Steve Erbach
erbachs at gmail.com
Tue Dec 9 19:03:55 CST 2008
David,
Excellent! I'd thought of possibly making a UDF; just never followed
through, but that makes perfect sense. Thank you.
Steve Erbach
On Tue, Dec 9, 2008 at 5:56 PM, David McAfee <davidmcafee at gmail.com> wrote:
> I don't know if is any better, but you can create a udf such as:
>
> CREATE FUNCTION udfWeekBegins (@StartDate AS DATETIME, @NumOfWks AS
> INT) RETURNS @ListTable TABLE (WeekBeginning DATETIME) AS
> BEGIN
> DECLARE @LoopDate AS DATETIME SET @LoopDate = @StartDate
> WHILE @LoopDate < DATEADD(wk, at NumOfWks, at StartDate)
> BEGIN
> INSERT INTO @ListTable(WeekBeginning) SELECT @LoopDate
> SET @LoopDate = DATEADD(dd,7, at LoopDate)
> END
> RETURN
> END
>
>
>
> Then call it as such:
> SELECT WeekBeginning FROM dbo.udfWeekBegins('12/08/2008',13) --This
> returns the next 13 weeks from the date entered, not the next 13
> Sundays
>
> or like this:
> DECLARE @StartWeek AS DATETIME SET @StartWeek = DATEADD(day, 8 -
> DATEPART(weekday, GETDATE()), GETDATE())

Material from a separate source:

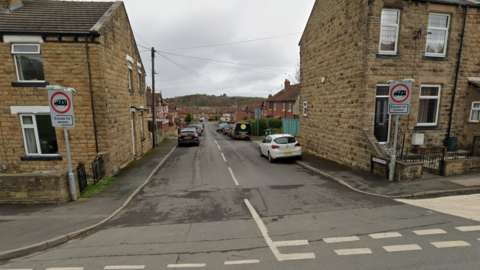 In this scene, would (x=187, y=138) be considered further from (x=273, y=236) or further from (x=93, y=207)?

> SELECT * FROM dbo.udfWeekBegins ( @StartWeek, 13)
>
> ResultSet:
> 2008-12-14 15:55:06.943
> 2008-12-21 15:55:06.943
> 2008-12-28 15:55:06.943
> 2009-01-04 15:55:06.943
> 2009-01-11 15:55:06.943
> 2009-01-18 15:55:06.943
> 2009-01-25 15:55:06.943
> 2009-02-01 15:55:06.943
> 2009-02-08 15:55:06.943
> 2009-02-15 15:55:06.943
> 2009-02-22 15:55:06.943
> 2009-03-01 15:55:06.943
> 2009-03-08 15:55:06.943
>
>
>
>
> On Tue, Dec 9, 2008 at 2:56 PM, Steve Erbach <erbachs at gmail.com> wrote:
>>
>> Dear Group,
>>
>> In an ASP.NET application I'm writing for work, I'd like to create a
>> work scheduling web form. One section contains a check box list of all
>> employees, another is a radio button list of the different possible
>> shifts to choose from, and a third is a checkbox list of "week
>> beginning" dates. The Supervisor checks off all the employees for a
>> particular shift, selects the shift, and then selects the weeks that
>> those shifts apply.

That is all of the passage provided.